A ilusão da agenda auto-evidente

Nilson Teixeira é um economista respeitado pela Faria Lima. Ficou famoso quando, em 2012, à época no Credit Suisse, arrumou uma treta com o então ministro da Fazenda, Guido Mantega, ao prever crescimento de apenas 1,5% para aquele ano. Era um número muito menor que a média do mercado, e o economista foi espinafrado por Mantega. No final, o PIB cresceu 1,8% naquele ano, mostrando o acerto do economista.

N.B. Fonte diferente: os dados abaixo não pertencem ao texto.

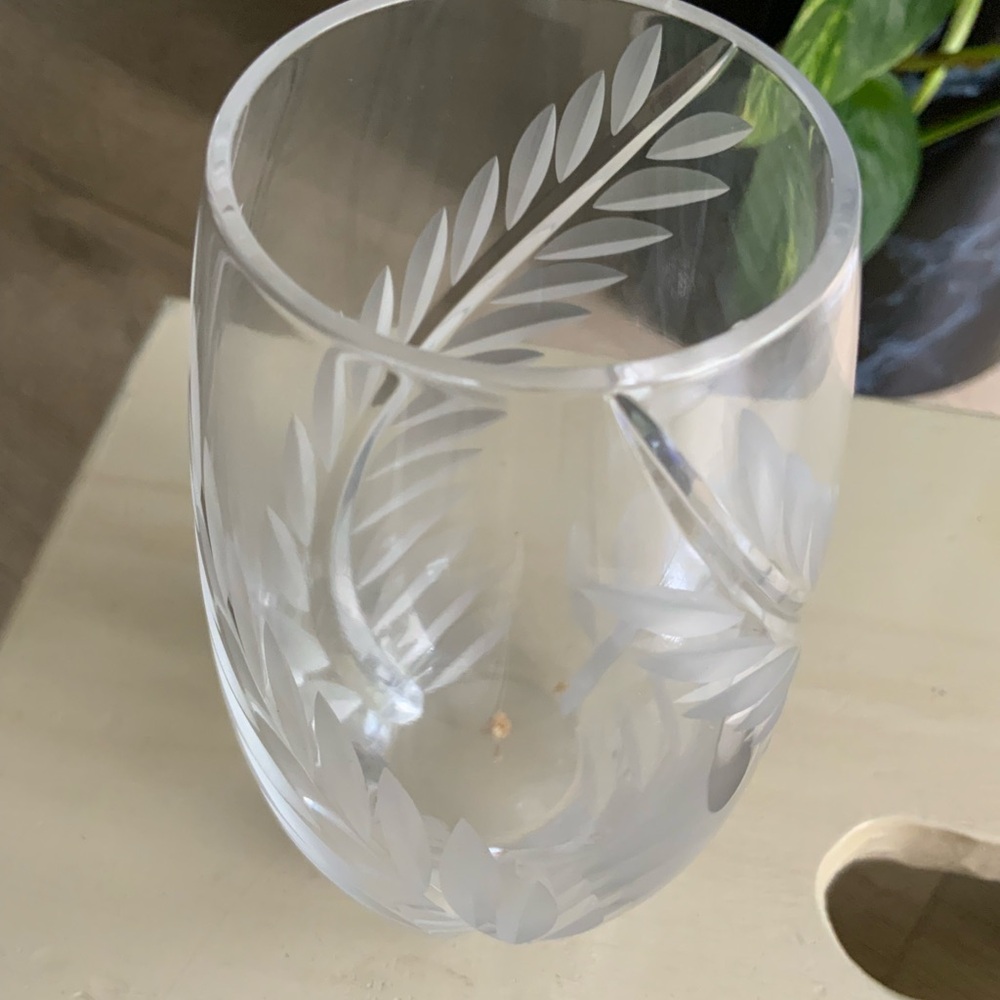 Mikasa Cut Crystal Leaf Pattern Vase - Picture 2 of 3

Hoje, Nilson Teixeira publica um artigo com a seguinte tese: o presidencialismo de coalização está morto, na medida em que as emendas parlamentares se tornaram impositivas. Dessa forma, precisamos de um presidencialismo de conciliação, em que o convencimento político torna-se central para a execução dos planos do governo. E, continua a tese, Lula seria o candidato melhor preparado para esse novo arranjo, pois conseguiu congregar vozes diferentes em seu governo anterior e sinalizou abertura a outros pontos de vista com o namoro com Alckmin.

Tendo a concordar com Nilson: Lula, de fato, é o candidato mais preparado para fazer uma grande “conciliação nacional”, com STF, com tudo. Seus métodos já são conhecidos. Mas não é este o ponto a que eu gostaria de chamar a atenção.

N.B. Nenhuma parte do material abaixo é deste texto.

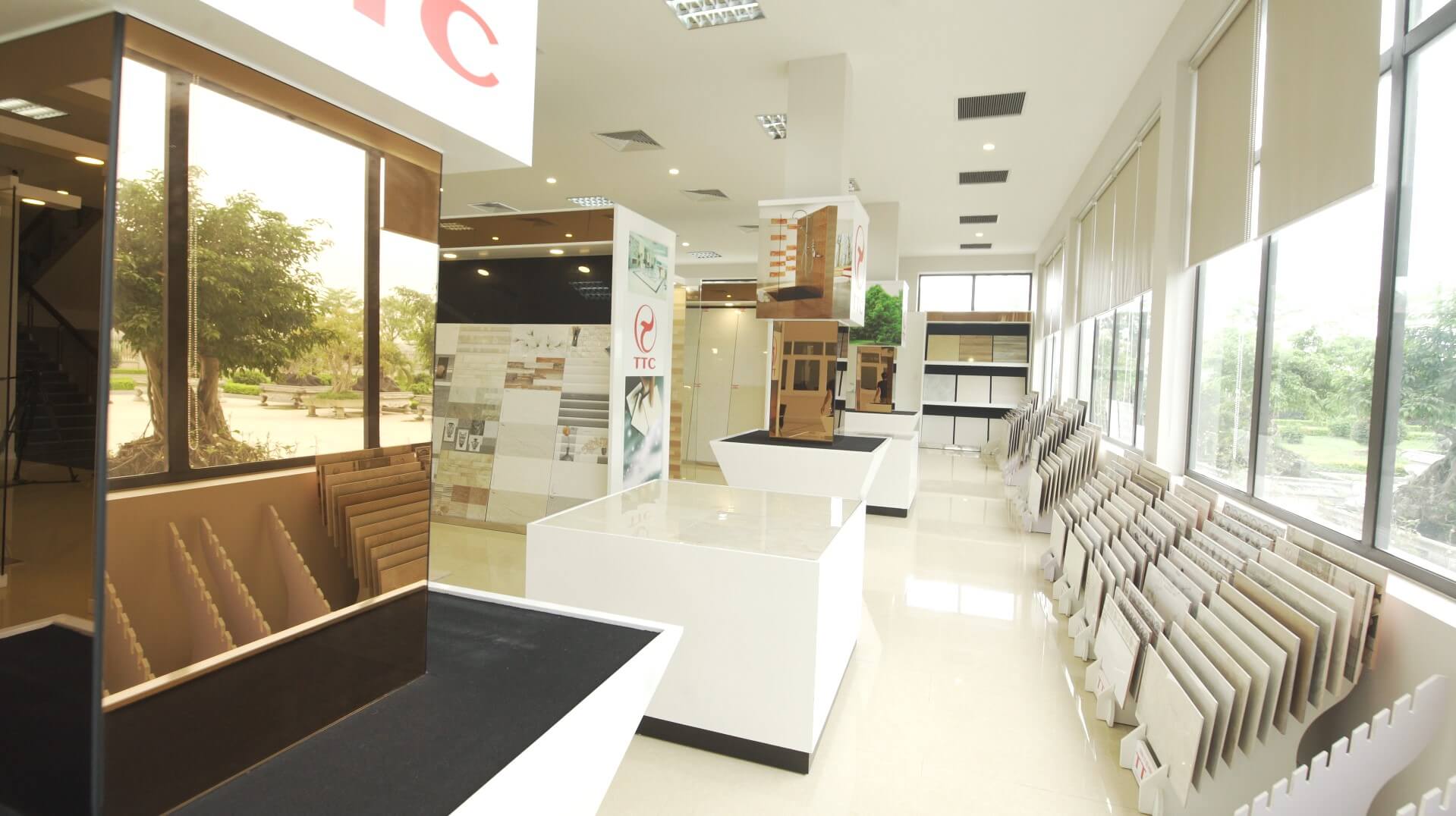 mở cửa hàng vlxd Pendecor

Nilson Teixeira, e ele não está sozinho na Faria Lima nessa percepção, entende que existe uma agenda que se autoimpõe, os “ajustes necessários” e as “transformações no país”, em suas palavras, contariam com uma espécie de unanimidade nacional. Bastaria um “conciliador” que conseguisse coordenar os esforços políticos na direção já definida por essa unanimidade auto-evidente.

Obviamente, não é o caso. Lula e o PT têm uma agenda própria, que não se cansam de divulgar para quem tem ouvidos de ouvir. Como qualquer agenda, deverá ter resistências no Congresso, e Lula precisará usar todas as suas habilidades de “conciliação” para fazer avançá-la. Mas o importante é entender que essa agenda não contempla os “ajustes necessários” que estão na cabeça de Nilson Teixeira e dos farialimers. Pode até ser aprovada uma coisa ou outra dessa agenda para “acalmar os mercados”, mas a direção é claramente outra.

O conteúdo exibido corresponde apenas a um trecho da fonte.